To meet these aims, Prof. Peter Vujakovic created 3 field exercises, tasking students to explore landscapes using web-based resources, such as Google Earth, the National Geological Survey and art galleries, to produce annotated guides for visitors. The first field exercise considered the death of the high street, tasking students with exploring an urban area from an economic geography perspective.  The second, hill towns, tasked students with exploring historical geographic landscapes, from a human geography perspective.  The third, focusing on physical geography, examined a series of hypotheses about the invasion of non-native vegetation, which required students to take measurements ‘in the field’, using Google Earth Pro. 

All of this could be undertaken without leaving the house.  Students received a field pack for each activity, including detailed instructions on how to complete each task (inc. how to use software), the objective of the task (LOs) and how/where/when to submit the assignment.  

Whilst students could not experience the physical aspect of being present in the space, creative use of online resources allowed students to complete the academic tasks that they would have completed in the field, meeting all of the LOs for the module.

Student evaluation was very positive.
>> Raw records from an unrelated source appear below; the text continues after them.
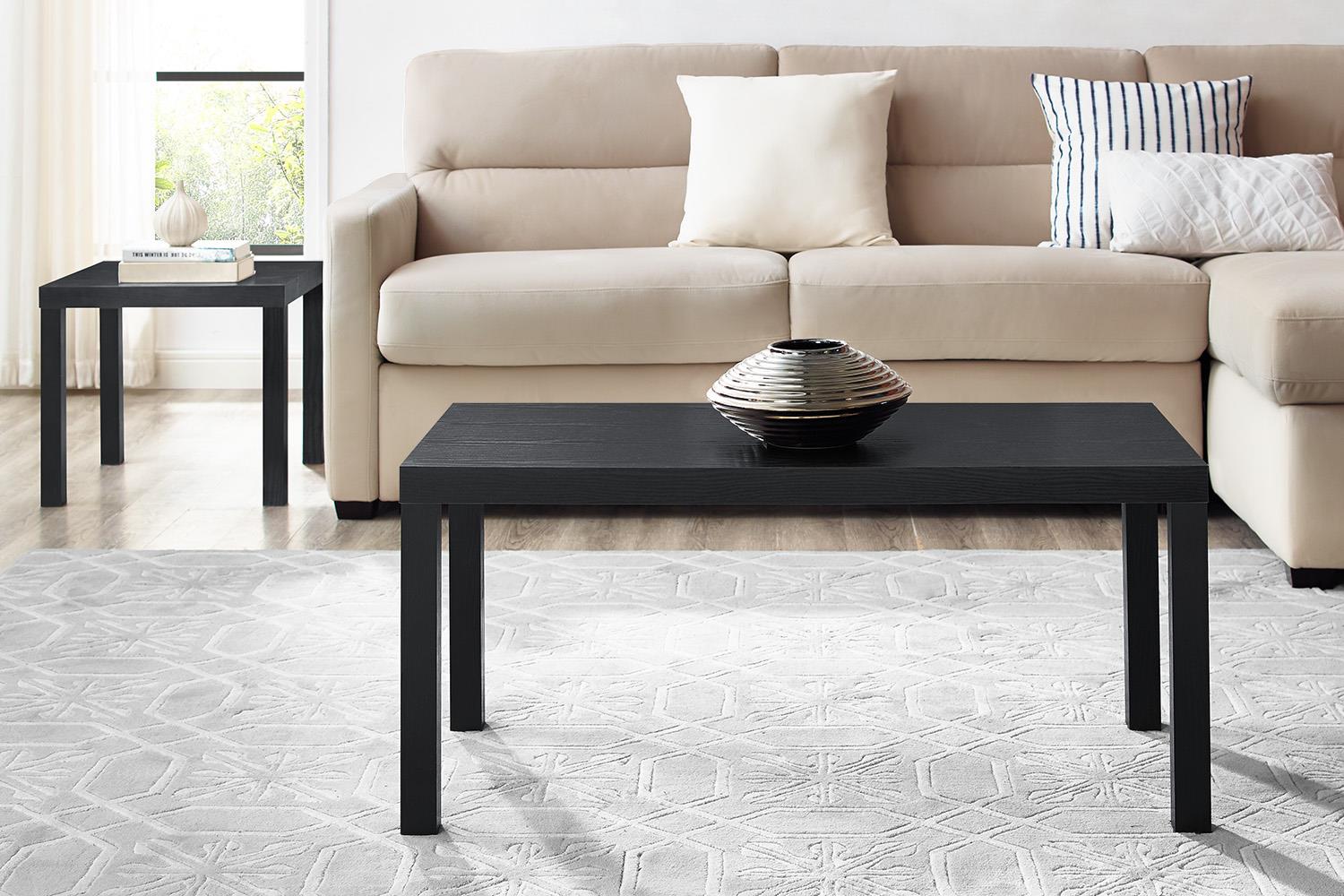 Mainstays Parsons Coffee Table, Black Oak photo 5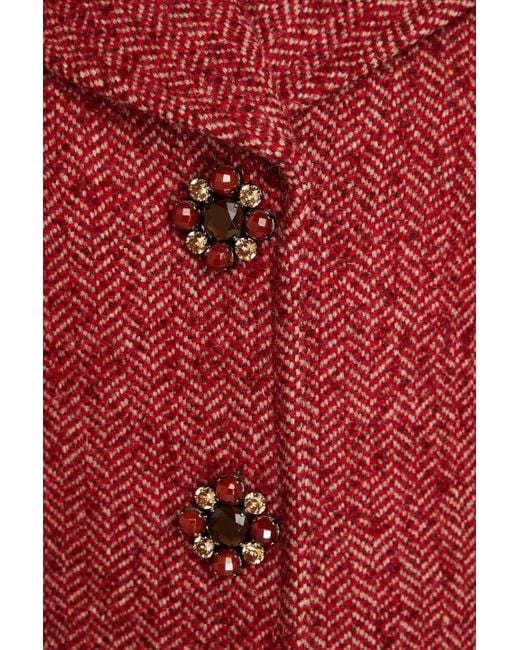 Dolce & Gabbana Red Tel aus einer wollmischung mit fischgratmuster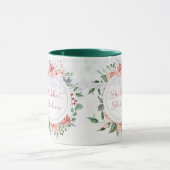 Waterverf Flowers Shabbat Shalom Coffee Mok (Midden)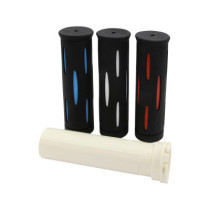  Color Rubber Grips Black White 1" Cable operated 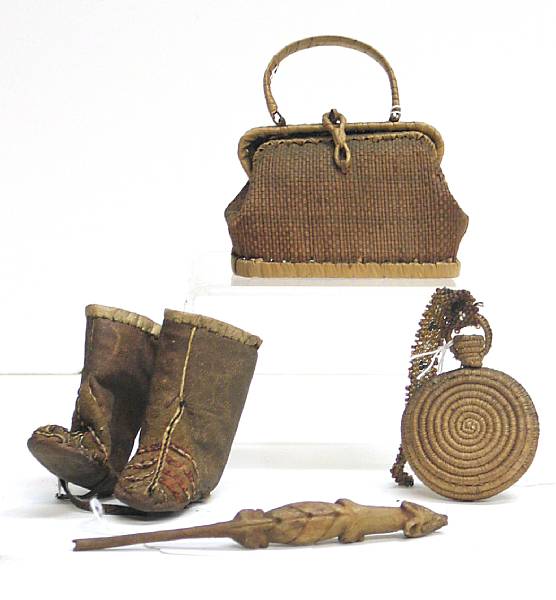 Appraisal: A group of Northwest miniature items Including a pair of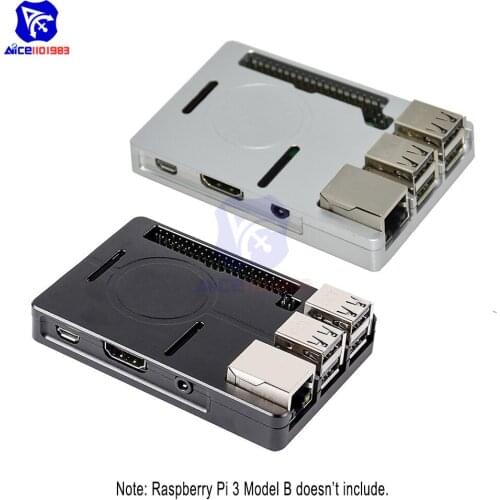 Diymore Raspberry Pi 3 Model B+ Case CNC Aluminum Case Ultra-thin Metal Shell for Raspberry Pi 3 Model B Plus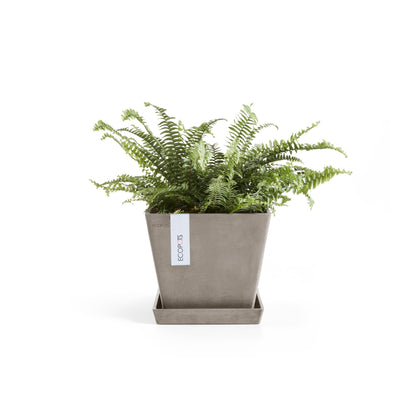 Kukkaruukku - Ecopots - Rotterdam 20cm taupe - Ecopotskauppa - Uuden aikakauden kukkaruukku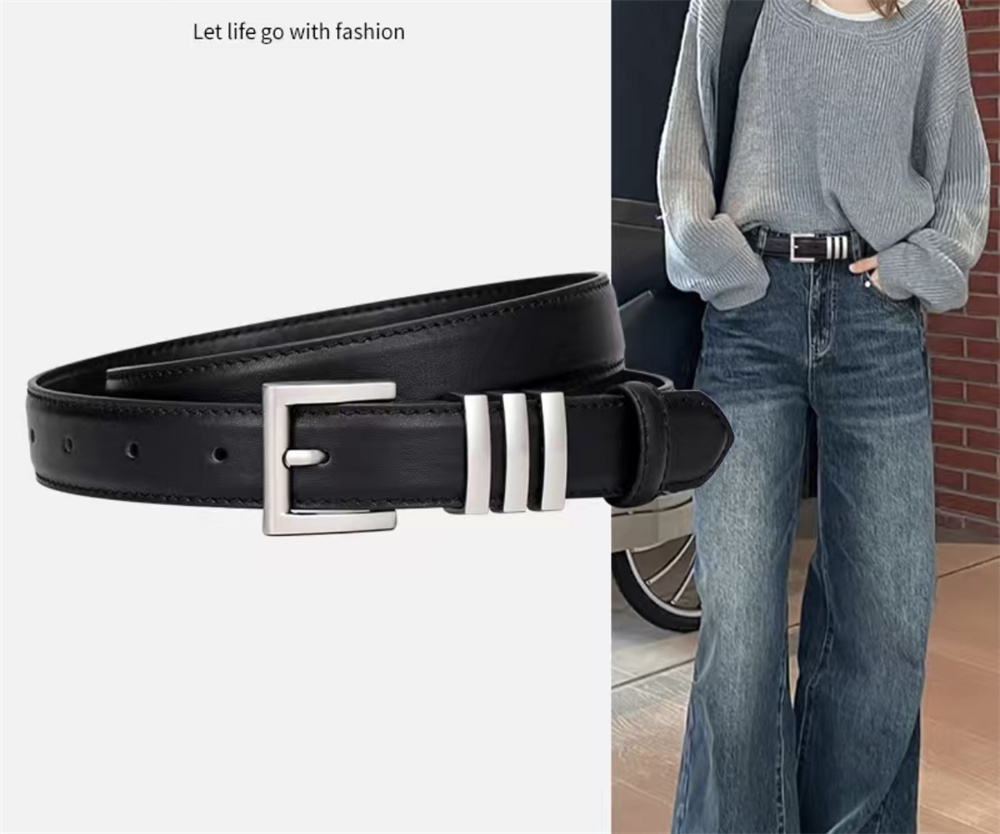 Chic Minimalism Stylish Women S Leather Waist Bel2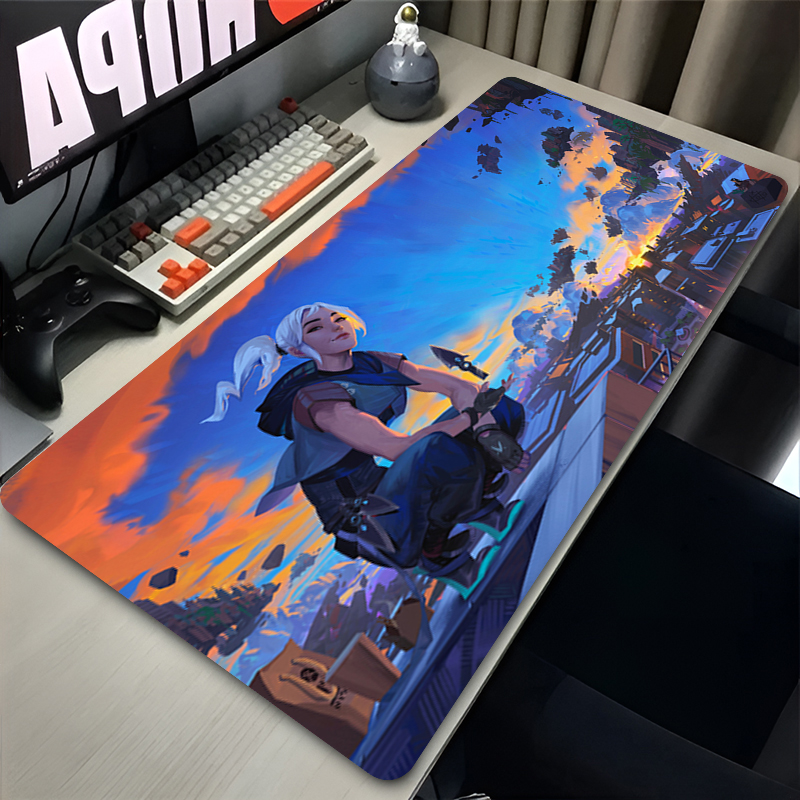Mouse Pad Hot Game Valorant Je – обзор и цена Desk Setup Ergonomic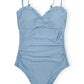 Ganni - Shine Gathered One Piece Swimsuit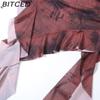 BITCED Spring Women's Solid-Colour Slim-Fit Streetwear Halter-Neck Backless Printed Top
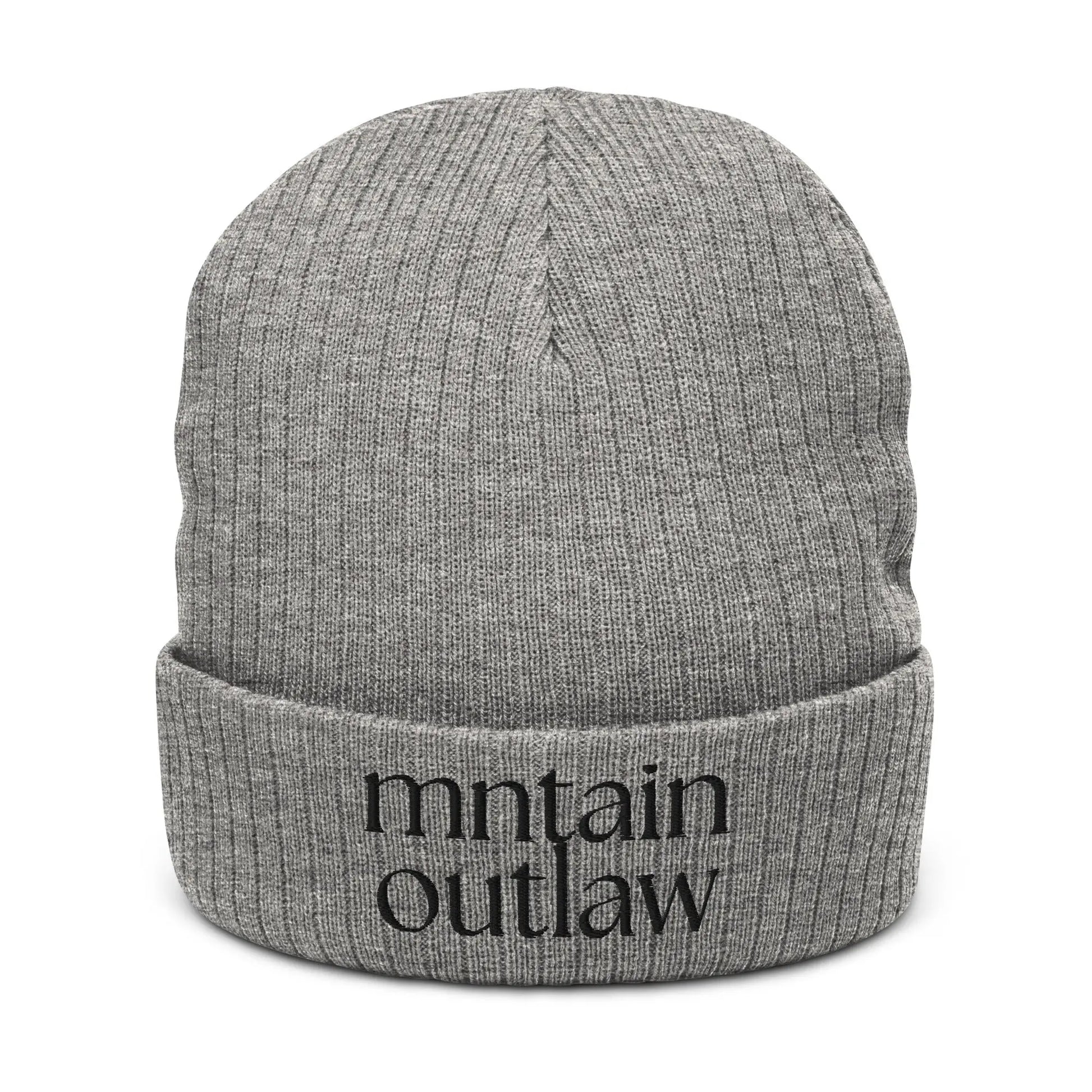 mntain outlaw REBEL Ribbed knit beanie - MNTAIN OUTLAW LTD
However, whilst the academic aims were met, feedback suggested that students did miss the social aspect of the residential.  

The Team have the following tips, to meet the social aims of fieldtrips:

  • Include group work.  Students would ordinarily work on field tasks in groups.  This can be achieved online, but it does need to be tightly structured, with scheduled online meetings and clear instructions regarding job roles and expectations. 
  • Include social space.  This can be asynchronous, via discussion boards and social media, or synchronous, using Collaborate, Teams or other meeting software.  This can go some way to recreating the community, but it will need facilitation, initially, to make it work. 
  • Remember to include an academic presence.  Student feedback highlighted that residential fieldtrips allow them to get to know academics socially and that this is important to them. 

Ensuring academic presence in field tasks and social activities can support learning community, building staff-student relationships, bolstering engagement and retention.